Гэндзи слушал, болезненно морщась. Ответил горячо, с глубокой убежденностью:
– Да нет же, нет! Милая Коломбина, нужно доверять жизни. Нужно без страха вверять себя ее течению, потому что жизнь бесконечно мудрее нас! Она все равно обойдется с вами по-своему, иногда довольно жестко, но в конечном итоге вы поймете, что она была п-права. Она всегда права! Ведь кроме тех мрачных перспектив, которые вы рисуете, жизнь обладает еще и многими волшебными качествами!
– Это какими же? – усмехнулась Коломбина.
– Да хотя бы все той же высмеянной вами особенностью преподносить неожиданные и драгоценные дары – в любом возрасте, в любом физическом состоянии.
– Какие? – снова повторила она и снова усмехнулась.
– Бесчисленные. Небо, трава, утренний воздух, ночное небо. Любовь во всем многообразии ее оттенков. А на закате жизни, если заслужите, – успокоенность и мудрость…
Почувствовав, что его слова начинают действовать, Гэндзи усилил натиск:
– Да и, если уж говорить о старости, с чего вы взяли, что этот ваш 1952 год окажется так уж ужасен? Я, например, уверен, что это будет з-замечательное время! Через полвека в России установится повсеместная грамотность, а это означает, что люди научатся быть терпимее друг к другу и отличать красивое от безобразного. Электрический трамвай, о котором вы упомянули, станет самым обычным средством передвижения. По небу будут скользить летательные аппараты. Появится еще много удивительных чудес техники, которые сегодня нам невозможно даже вообразить! Вы ведь так молоды. Тысяча девятьсот пятьдесят второй год, это немыслимо д-далекое время, для вас вполне достижим. Ах, да что мы с вами уперлись в 1952 год! К тому времени медицина разовьется так, что продолжительность жизни намного увеличится, и само понятие старости отодвинется на более поздний возраст. Вы наверняка проживете и девяносто лет – и увидите 1969 год! А может быть, и сто лет – и тогда заглянете в 1979-ый. Только представьте себе! Разве у вас не захватывает дух от этих цифр? Из одного любопытства стоит выдержать все тяжкие испытания, которые, судя по всему, сулит нам начало нового века. Пробиться через теснины и пороги истории, чтобы потом сполна насладиться вольным, равнинным ее течением.
Как красиво он говорил! Коломбина поневоле заслушалась и залюбовалась. Подумала: а ведь он прав, тысячу раз прав. И еще подумала: почему он упомянул о любви? Просто для фигуры речи или же в этих словах содержится особый смысл, предназначенный только мне одной?

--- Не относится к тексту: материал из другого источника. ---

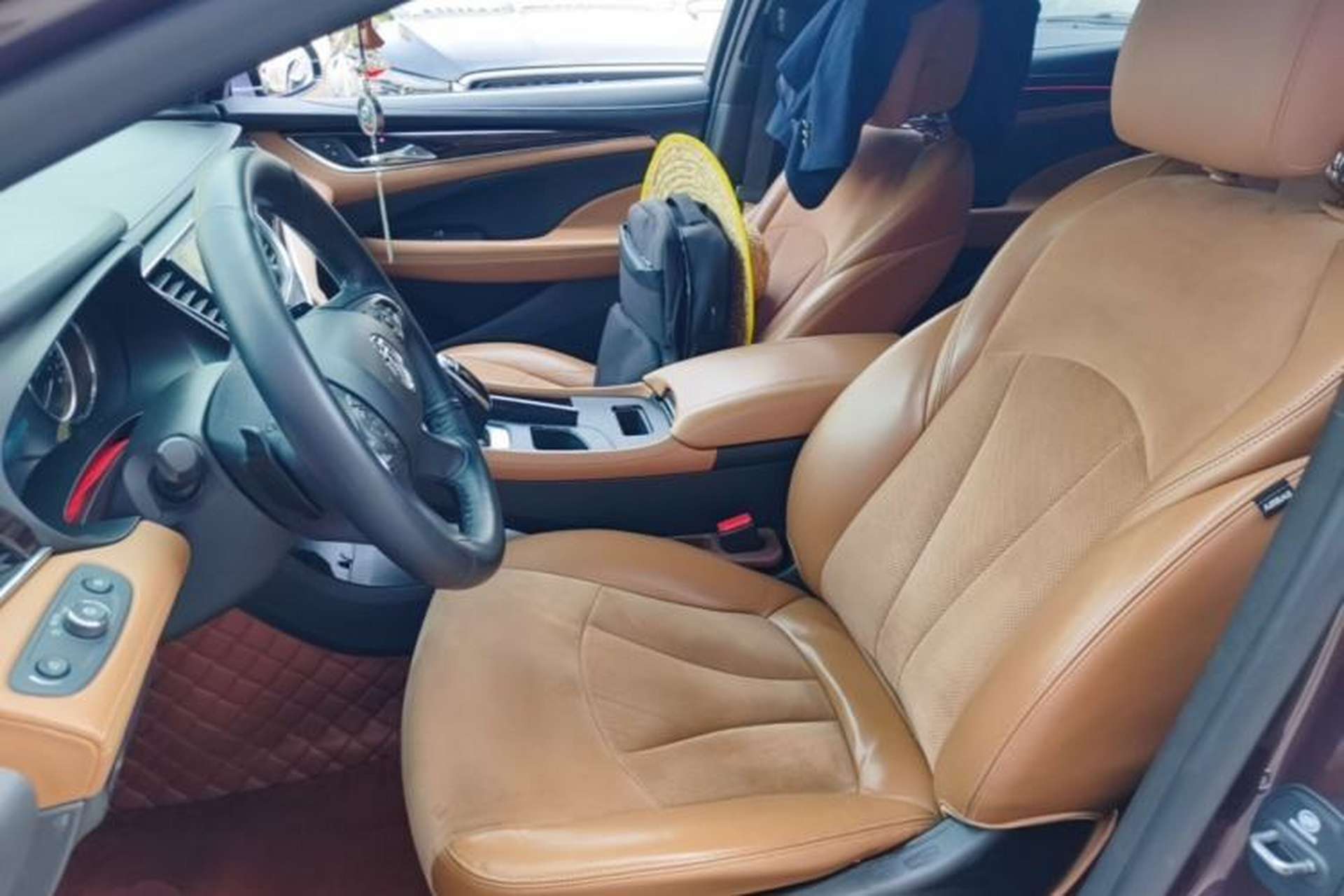 Used Buick LaCrosse 2016 20T Elite Edition Left Front Seat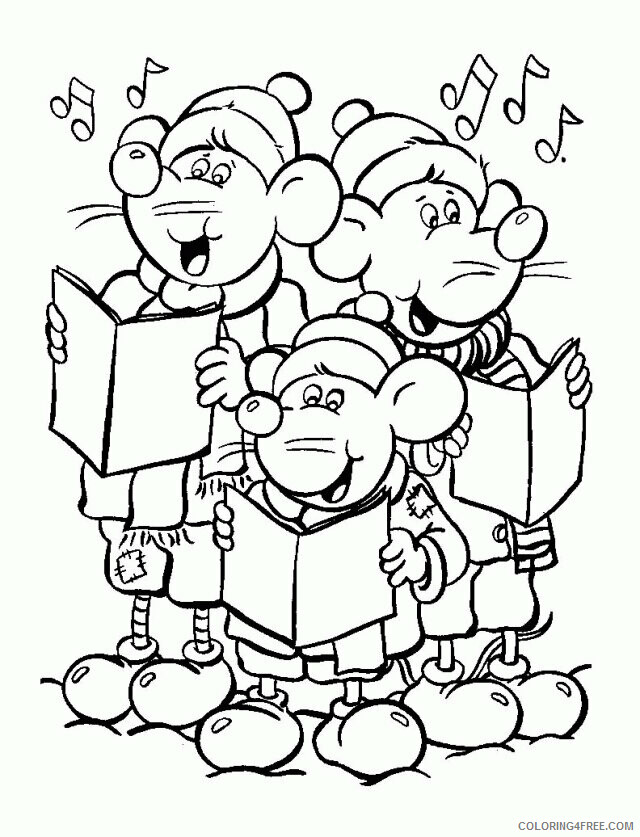 Rat Coloring Sheets Animal Coloring Pages Printable 2021 3714 Coloring4free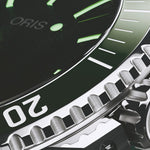 Oris Aquis Date Kelp Forest Limited Edition 41.5mm 0173377874187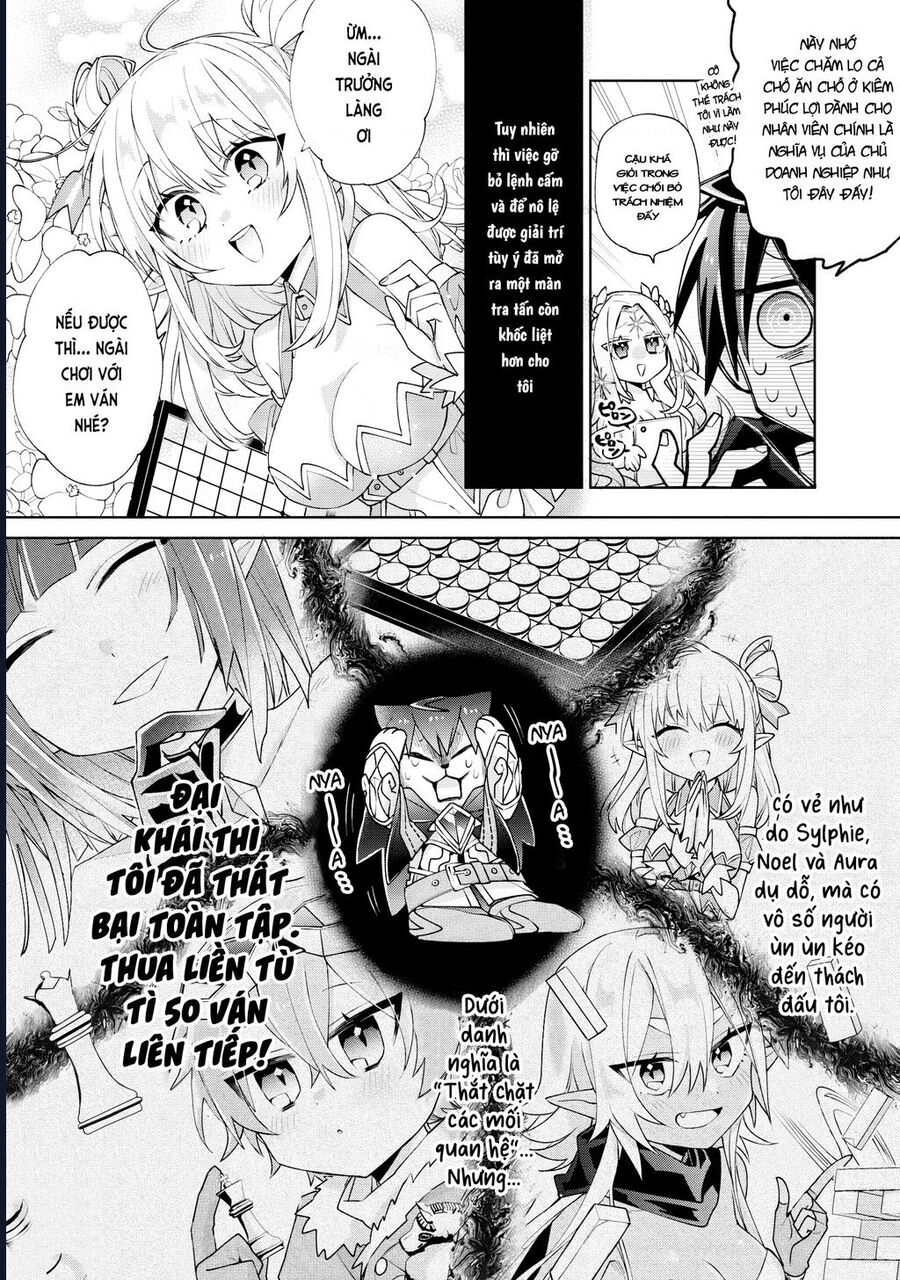 Dorei Kara No Kitai To Hyouka No Sei De Sakushu Dekinai No Daga Chapter 7 - Trang 2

Отсюда ее мысли приняли иное направление, далекое от философствований и попыток угадать будущее.
Что представляет собой личная жизнь Эраста Петровича Неймлеса, задалась вопросом Коломбина, искоса поглядывая на красавца. Судя по всему он – застарелый холостяк, из тех, кому, как говорила няня, чем жениться, милей удавиться. Неужто так, год за годом, и довольствуется компанией своего японца? Ох, непохоже – чересчур уж хорош собой.
Вдруг сделалось ужасно жаль, что он не встретился ей раньше, до Просперо. Может быть, всё вышло бы совсем по-другому.
Они расстались на углу Старопанского переулка. Гэндзи, сняв цилиндр, поцеловал задумчивой барышне руку. Перед тем как войти в подъезд, она оглянулась. Он стоял на том же месте, под фонарем. Цилиндр держал в руке, ветер шевелил его черные волосы.